I have done a lot of research and have watched many YouTube tutorials; I’ve read blogs and have googled almost everything to do with patchwork quilting. I would say I feel fairly confident but I’d just be lying. Sewing bits of fabric together, easy - I thought. Wrong!
Not only are there all these different methods to making a quilt, no, making a quilt seems to come with it’s own secret society where only a select few know the language. I’m talking about a lot of quilt related jargon! Eskimos allegedly have over 100 different words for snow; that’s nothing, these quilting experts have 1,000 different terms for each different aspect of the quilt. On top of that, there’s pages and pages of information specifically relating to JUST picking colours.

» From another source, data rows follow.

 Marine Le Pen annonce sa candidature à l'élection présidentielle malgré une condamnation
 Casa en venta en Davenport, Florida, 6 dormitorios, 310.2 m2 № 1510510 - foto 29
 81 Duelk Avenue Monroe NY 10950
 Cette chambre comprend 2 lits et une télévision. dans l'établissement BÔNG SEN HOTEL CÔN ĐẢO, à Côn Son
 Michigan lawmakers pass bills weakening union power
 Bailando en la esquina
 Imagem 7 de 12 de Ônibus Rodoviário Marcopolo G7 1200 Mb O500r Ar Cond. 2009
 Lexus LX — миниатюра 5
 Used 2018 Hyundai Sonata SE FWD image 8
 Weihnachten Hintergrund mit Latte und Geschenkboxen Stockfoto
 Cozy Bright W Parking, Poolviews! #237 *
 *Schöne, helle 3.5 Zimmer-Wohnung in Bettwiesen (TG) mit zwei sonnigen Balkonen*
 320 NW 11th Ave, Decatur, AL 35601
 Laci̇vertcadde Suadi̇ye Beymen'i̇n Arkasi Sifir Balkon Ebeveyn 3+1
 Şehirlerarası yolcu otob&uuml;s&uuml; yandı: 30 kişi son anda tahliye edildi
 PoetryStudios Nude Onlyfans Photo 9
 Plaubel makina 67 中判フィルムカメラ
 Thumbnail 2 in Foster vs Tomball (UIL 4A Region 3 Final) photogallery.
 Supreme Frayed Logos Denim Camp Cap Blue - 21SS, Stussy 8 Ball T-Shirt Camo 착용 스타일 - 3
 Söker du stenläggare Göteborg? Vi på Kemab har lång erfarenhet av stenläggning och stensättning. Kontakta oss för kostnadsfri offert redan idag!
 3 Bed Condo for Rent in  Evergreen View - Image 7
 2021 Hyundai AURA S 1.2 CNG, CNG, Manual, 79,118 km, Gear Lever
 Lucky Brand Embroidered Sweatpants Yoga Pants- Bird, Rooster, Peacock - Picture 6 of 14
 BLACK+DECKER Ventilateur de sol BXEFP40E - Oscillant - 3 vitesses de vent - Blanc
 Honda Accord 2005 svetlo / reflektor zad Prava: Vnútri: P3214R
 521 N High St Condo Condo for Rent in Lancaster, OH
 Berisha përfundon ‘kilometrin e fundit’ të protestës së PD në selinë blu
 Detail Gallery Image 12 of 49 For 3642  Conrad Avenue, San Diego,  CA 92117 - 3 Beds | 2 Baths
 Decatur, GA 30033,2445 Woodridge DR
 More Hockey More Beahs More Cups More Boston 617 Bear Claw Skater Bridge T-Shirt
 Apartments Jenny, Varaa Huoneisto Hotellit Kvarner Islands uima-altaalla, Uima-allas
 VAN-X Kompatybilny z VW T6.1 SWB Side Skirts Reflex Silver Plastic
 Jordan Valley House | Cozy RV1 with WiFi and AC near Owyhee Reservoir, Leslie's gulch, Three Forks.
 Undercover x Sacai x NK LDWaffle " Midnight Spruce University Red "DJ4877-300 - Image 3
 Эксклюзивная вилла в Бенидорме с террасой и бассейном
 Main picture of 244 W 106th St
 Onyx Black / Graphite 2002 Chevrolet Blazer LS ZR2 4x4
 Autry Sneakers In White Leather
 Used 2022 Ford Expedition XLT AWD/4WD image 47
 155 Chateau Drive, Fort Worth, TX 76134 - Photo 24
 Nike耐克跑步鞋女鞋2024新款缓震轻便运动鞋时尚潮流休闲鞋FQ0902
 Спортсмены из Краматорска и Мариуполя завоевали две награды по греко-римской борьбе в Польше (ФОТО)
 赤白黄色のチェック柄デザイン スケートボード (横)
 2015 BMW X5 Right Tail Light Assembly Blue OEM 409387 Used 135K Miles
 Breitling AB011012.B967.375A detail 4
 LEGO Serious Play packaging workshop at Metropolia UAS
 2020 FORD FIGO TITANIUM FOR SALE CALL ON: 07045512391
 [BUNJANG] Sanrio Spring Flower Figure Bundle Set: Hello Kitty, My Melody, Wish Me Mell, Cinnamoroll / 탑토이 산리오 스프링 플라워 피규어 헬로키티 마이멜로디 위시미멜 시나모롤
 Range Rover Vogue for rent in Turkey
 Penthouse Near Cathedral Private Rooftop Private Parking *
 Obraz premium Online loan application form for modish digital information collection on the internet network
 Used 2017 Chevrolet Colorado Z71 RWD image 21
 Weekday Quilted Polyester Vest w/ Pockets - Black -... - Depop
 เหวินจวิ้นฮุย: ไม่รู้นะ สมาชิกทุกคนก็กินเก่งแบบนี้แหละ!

When trying something new, be it food or a task at work, everyone is naturally apprehensive at first, not me, I had to lie down for about an hour to get my heart rate back to normal as the reality and enormity of what I had committed to do, had sunk in.
So I calmed myself, my fiancé made me lots of tea and I faced just the task in front of me, which was simply to work out the basics of making a quilt.
My advice to anyone attempting to do this would be to make sure you Google the jargon first of all (and ‘hexies’ simply means ‘hexagon’) 😉
I finally managed to bypass the expert ‘quilters’ and came across a method called 'English Paper Piecing’. This method is particularly suitable for hand-making the quilt (as I don’t have a Singer laying around). I’ll go through the method in more detail in my next few blogs.
Once I had found the information I needed (and after saving this), I had decided on an approximate pattern: hexagons with most of the patches a blue colour to tie in with my Guiding theme.